An image-free, verbatim transcription of the records is the expected result.

----

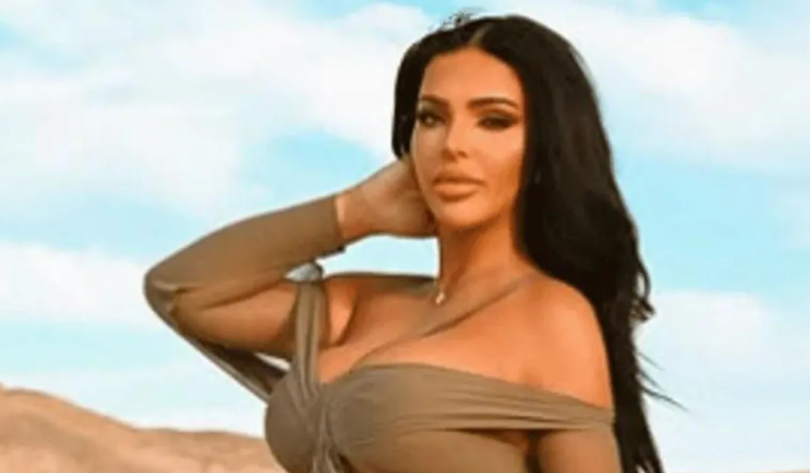 Screenshot 2026 04 27 at 7.13.33 AM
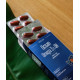 Orzax, Ocean Omega-3 & QH (30 капсул), омега-3 + коензим Q10
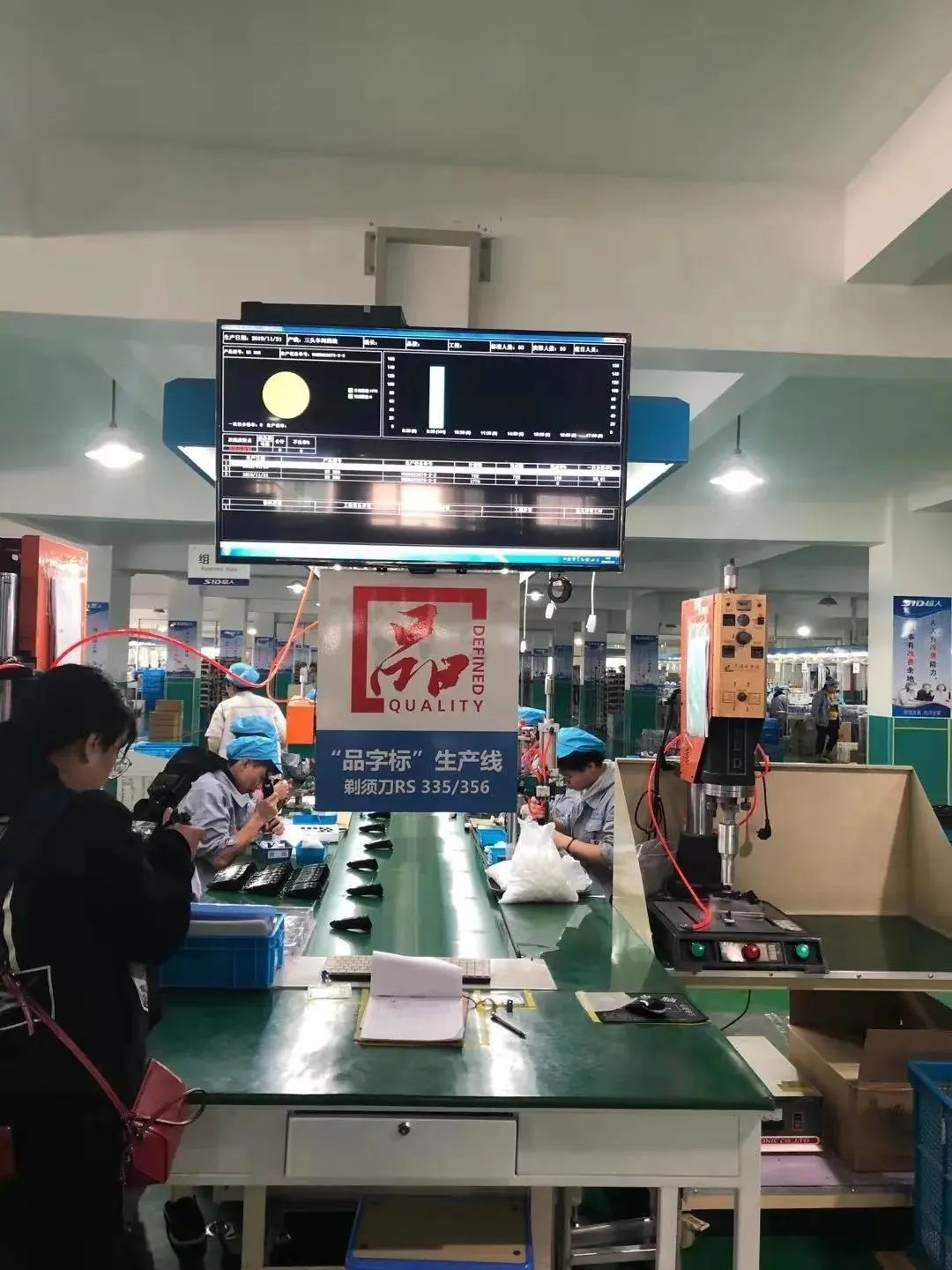 640.webp (1).jpg 640.webp (1).jpg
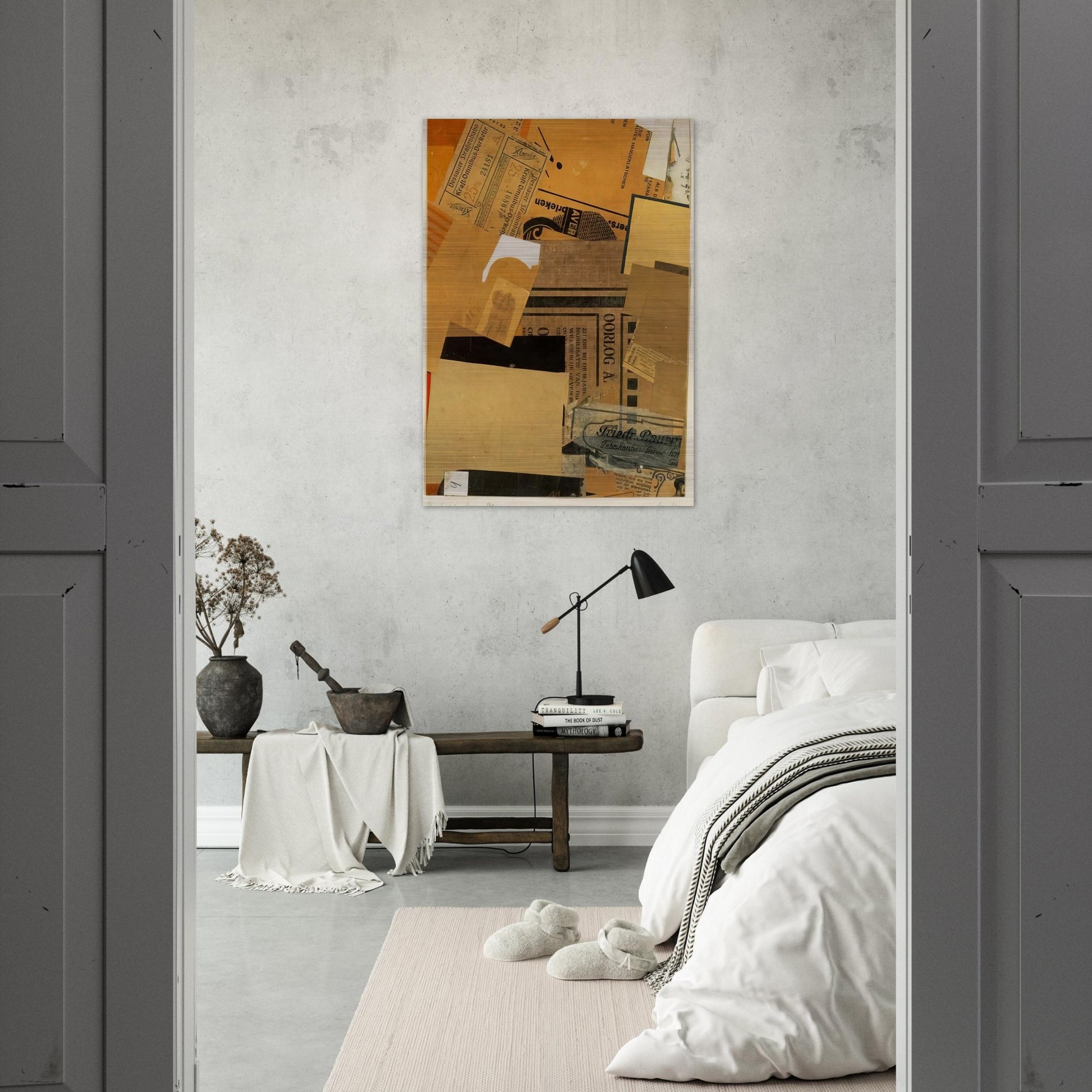 b1fa32fc-4550-4f87-9388-385827b1cb5d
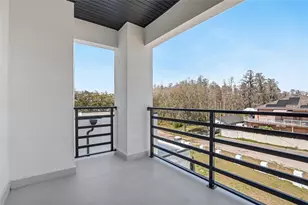 7818 N Hubert Ave, Tampa, FL 33614 - Photo 71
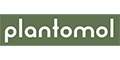 plantomol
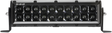 RIGID INDUSTRIES E-Series PRO LED Light - 10" - Spot - Black 110213BLK
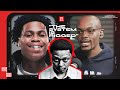 NOTA Warns A REECE That USIMAMANE Is Chosen And Backed By The SYSTEM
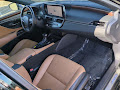 2024 Lexus ES 300h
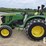 john-deere-4044m-image-10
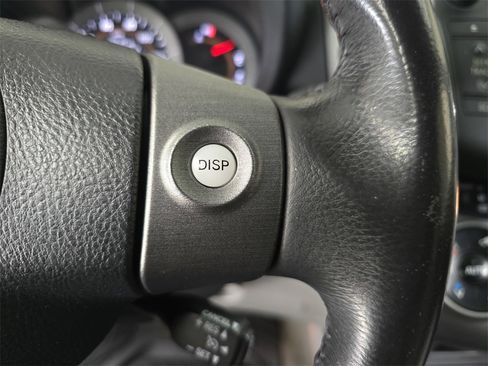 Used 2011 Toyota RAV4 Limited image 20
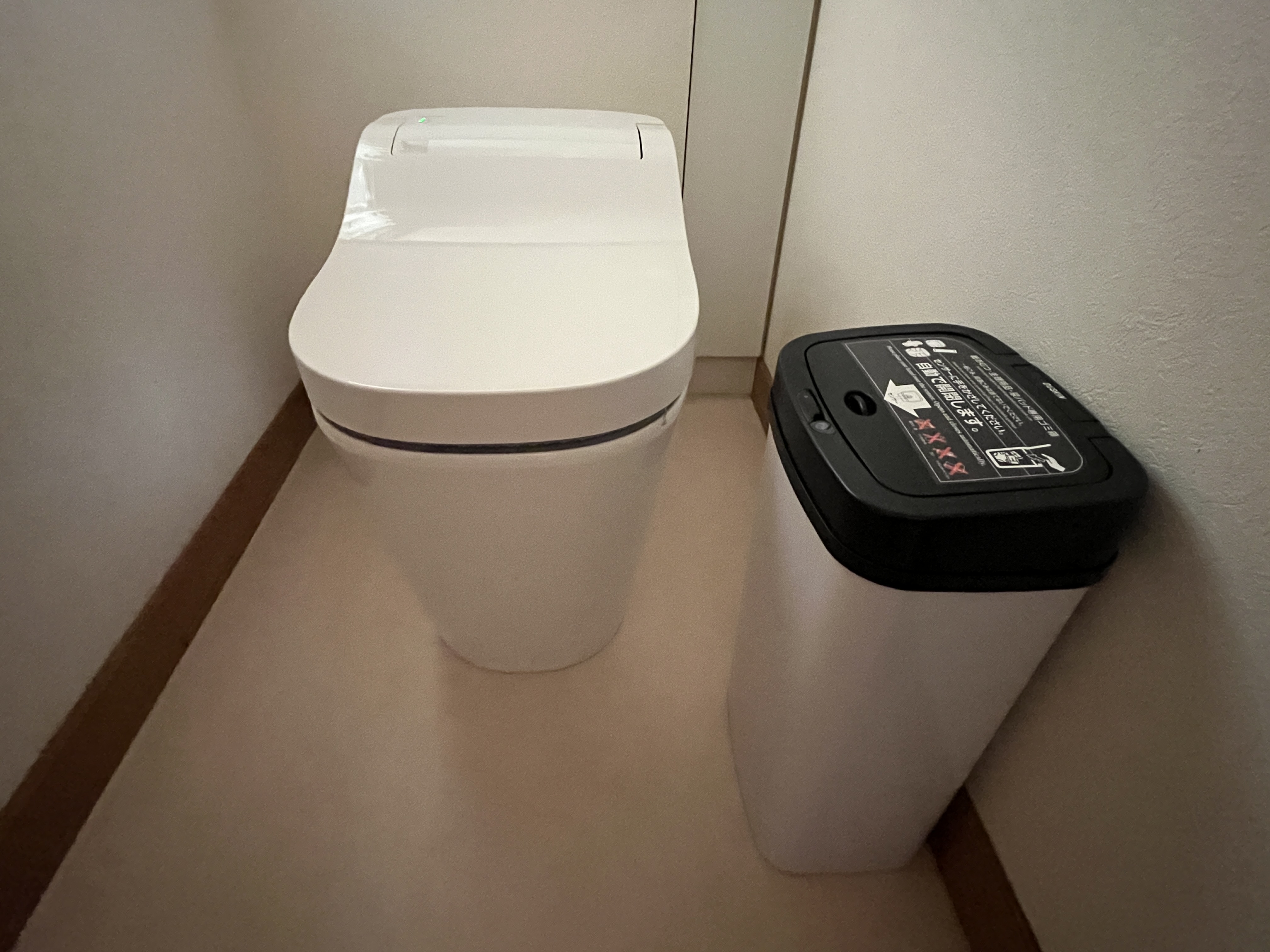 事業所用レンタルモップ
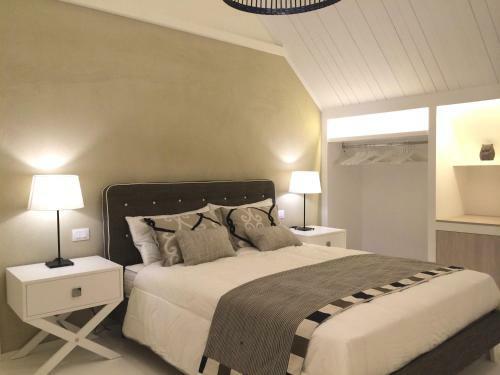 B&B La Collegiata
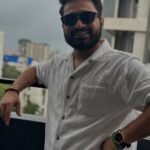 Looking for the Best Casting Agency in Mumbai? Here’s Why Shivam Gupta Casting Leads the Industry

----

▸ **Exercise response**:
 Screenshot 2026 04 27 at 7.13.33 AM
 Orzax, Ocean Omega-3 & QH (30 капсул), омега-3 + коензим Q10
 640.webp (1).jpg 640.webp (1).jpg
 b1fa32fc-4550-4f87-9388-385827b1cb5d
 7818 N Hubert Ave, Tampa, FL 33614 - Photo 71
 plantomol
 RIGID INDUSTRIES E-Series PRO LED Light - 10" - Spot - Black 110213BLK
 NOTA Warns A REECE That USIMAMANE Is Chosen And Backed By The SYSTEM
 2024 Lexus ES 300h
 john-deere-4044m-image-10
 Used 2011 Toyota RAV4 Limited image 20
 事業所用レンタルモップ
 B&B La Collegiata
 Looking for the Best Casting Agency in Mumbai? Here’s Why Shivam Gupta Casting Leads the Industry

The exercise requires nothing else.